Investors would not want the reversion to keep being negative because it will have an adverse effect on valuation.
As valuation is done half yearly, the new Plaza and Exchange acquisitions are not calculated in total valuation figures.
Comfortable gearing and low average interest rate
Manulife US REIT has a gearing ratio of 33.1% as of 3Q2017, a few percentage points below the average REIT gearing of 36%.
Likely because of its strong sponsor and asset location in a developed nation, Manulife US REIT is getting a favourable interest rate of 2.6% p.a.
This rate is comparable to other Singapore government backed companies such as Mapletree and Capitaland REIT.

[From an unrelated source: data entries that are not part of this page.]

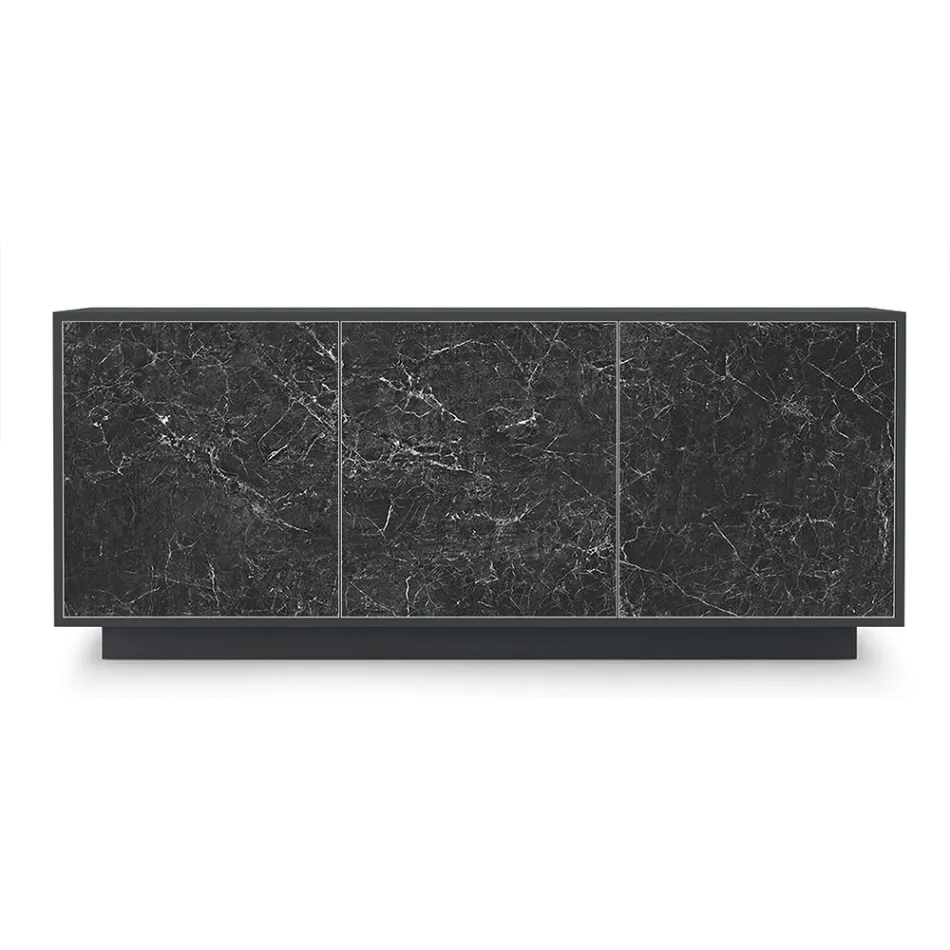 خزانة جانبية من الخشب المصقول مع بابين أو ثلاثة أبواب سيراميكية، صنع في إيطاليا - فيورينزا Viadurini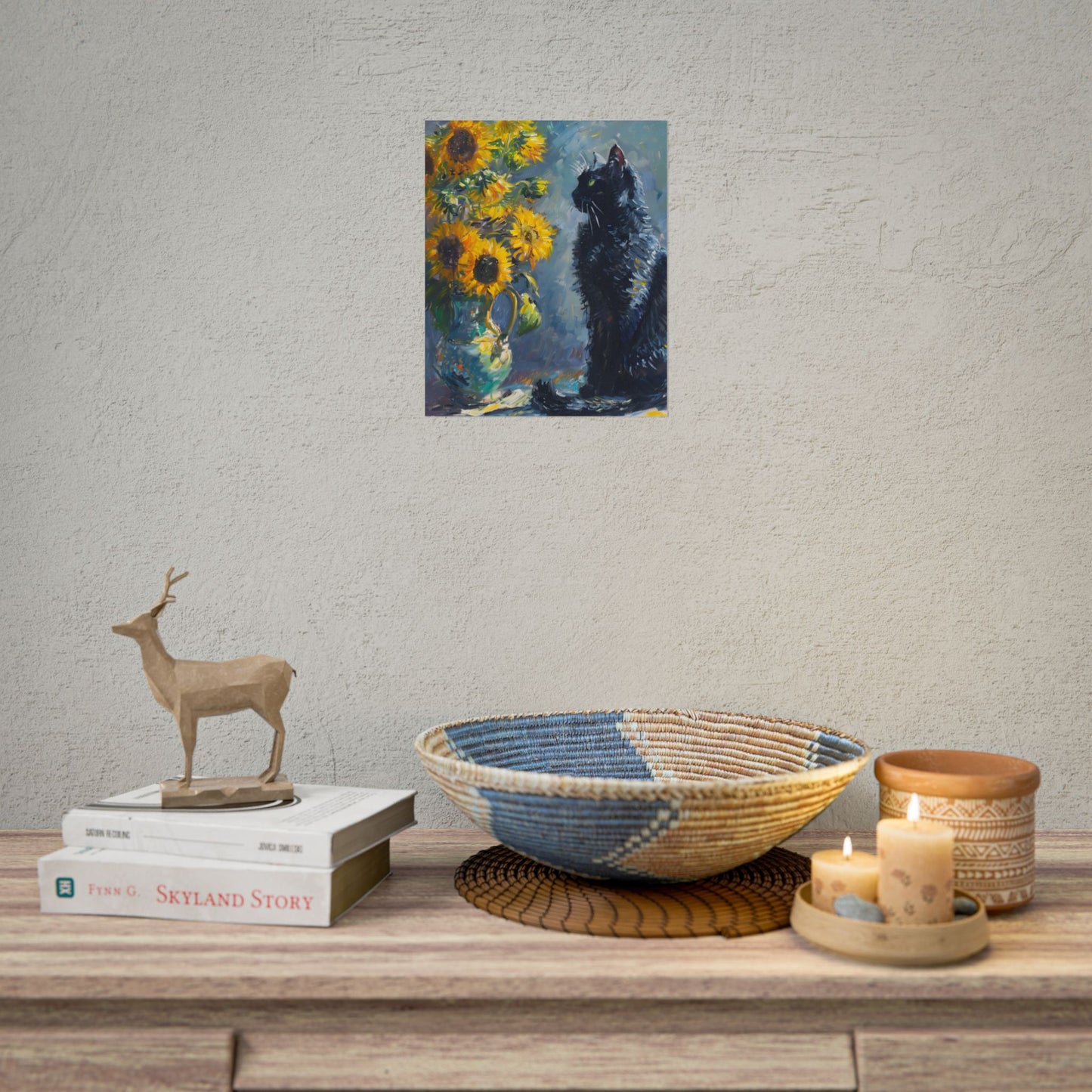 Whimsical Black Cat by Sunflowers: Serene Garden Art - Poster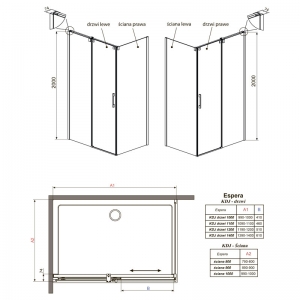 Душова стінка Espera KDJ S 80R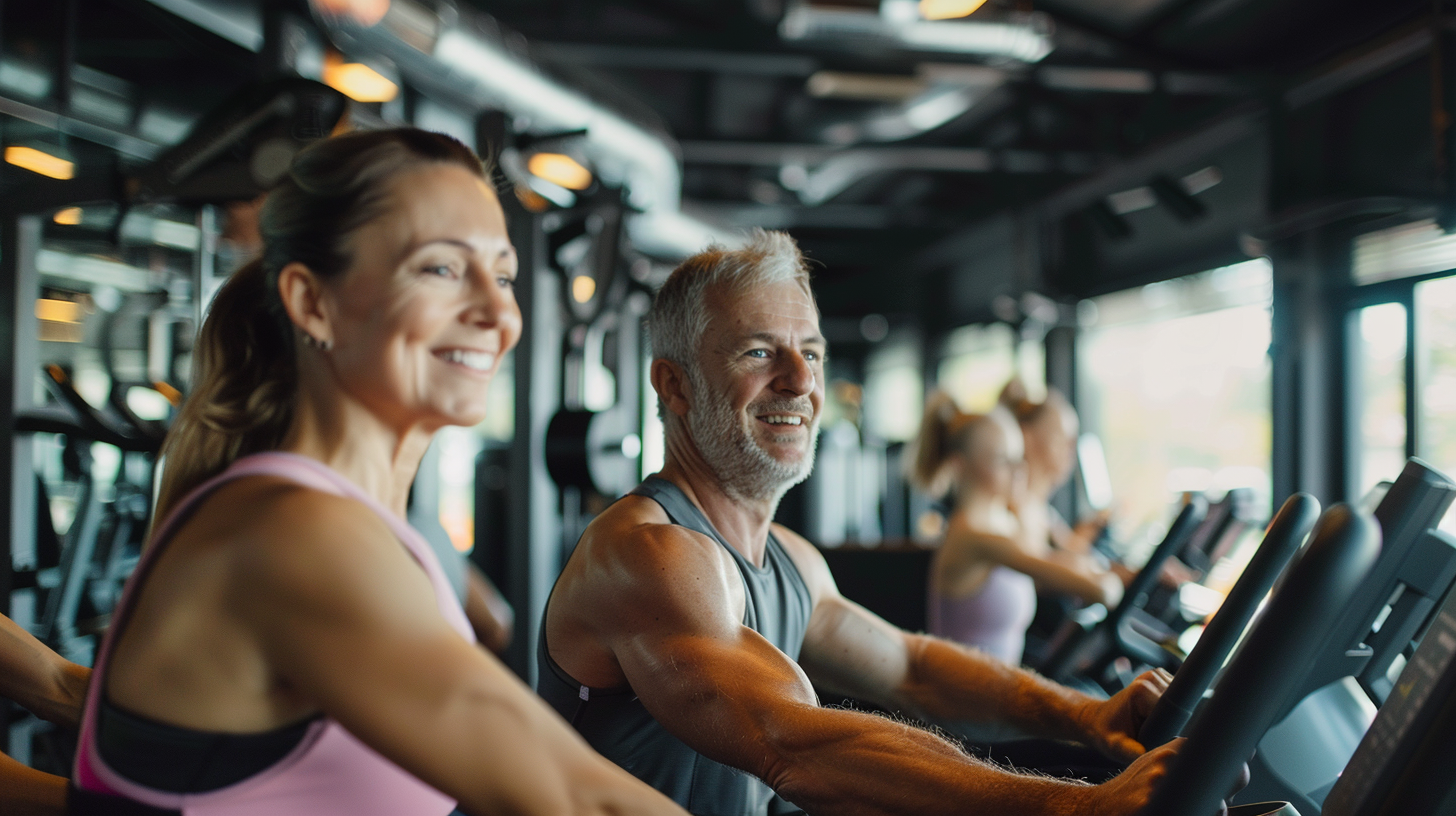 Тренер працює з людьми різного віку в спортзалі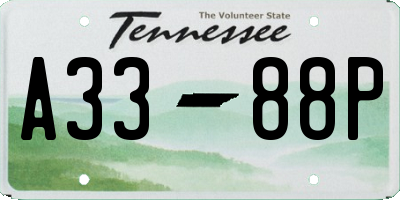 TN license plate A3388P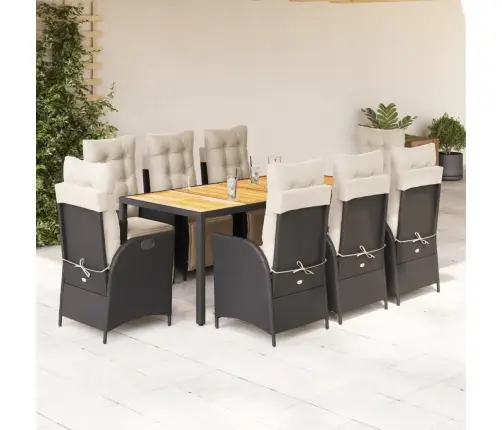 9-Osaline Aiamööbli Komplekt Patjadega, Must, Polürotang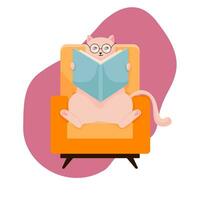 Cat character in glasses study flat. Cat sits on a armchair and reads a book. Vector illustration isolated on a white background.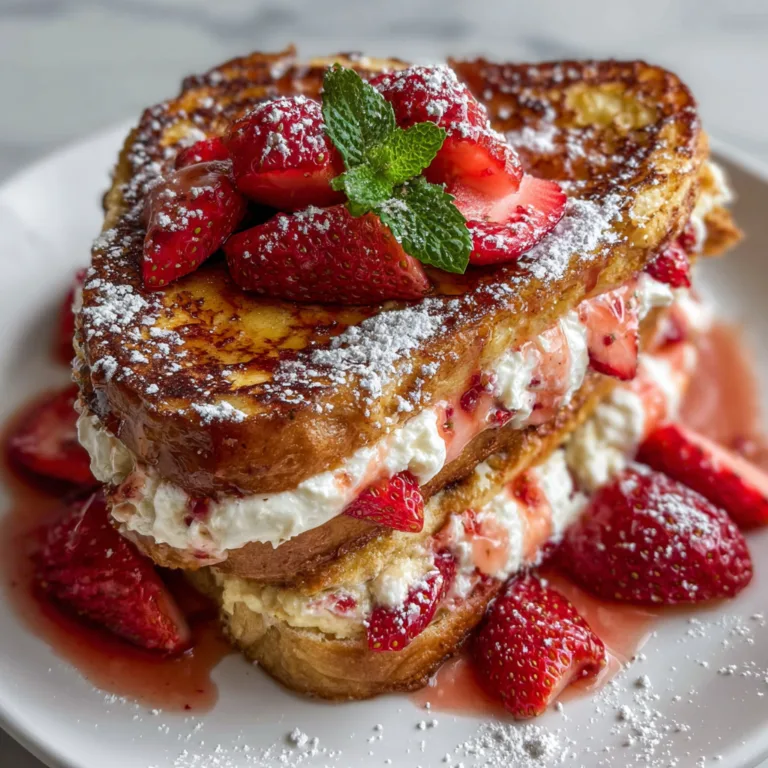 Delicious Strawberry Cheesecake Stuffed French Toast Recipe | Sweet & Creamy Breakfast Delight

Even though the interest rate has risen from 2.5% in 2Q2017, it is likely still within the comfortable range for Manulife US REIT to handle.
In actual fact, the finance expense of US$2.4m in the consolidated statement of comprehensive income and distribution statement is about 16% of the net property income.
Investors should be concerned when this amount rises above 35% as a ballpark estimate because any increase in interest rates will see a more onerous hit on the REIT.
Manulife US REIT did not disclose any yield figures in their presentation, but based on an annualized DPU of 5.8 US cents and 31 Sept 2017 closing price of 0.92, the yield is approximately 6.3%.
At this yield level, it is slightly higher than the average 6% dividend yield of Singapore REITs.
Prices have actually corrected from US$0.98 on 18 Sept to US$0.88 as of 24 Nov. At this level, prices are still higher than the IPO pricing of US$0.83.
Should prices fall to US$0.83, yields will be 7%. Personally, that will be an attractive yield level to enter. That may be some time off, so if yields reach the 6.5% range, that would be a good time to pick up some units.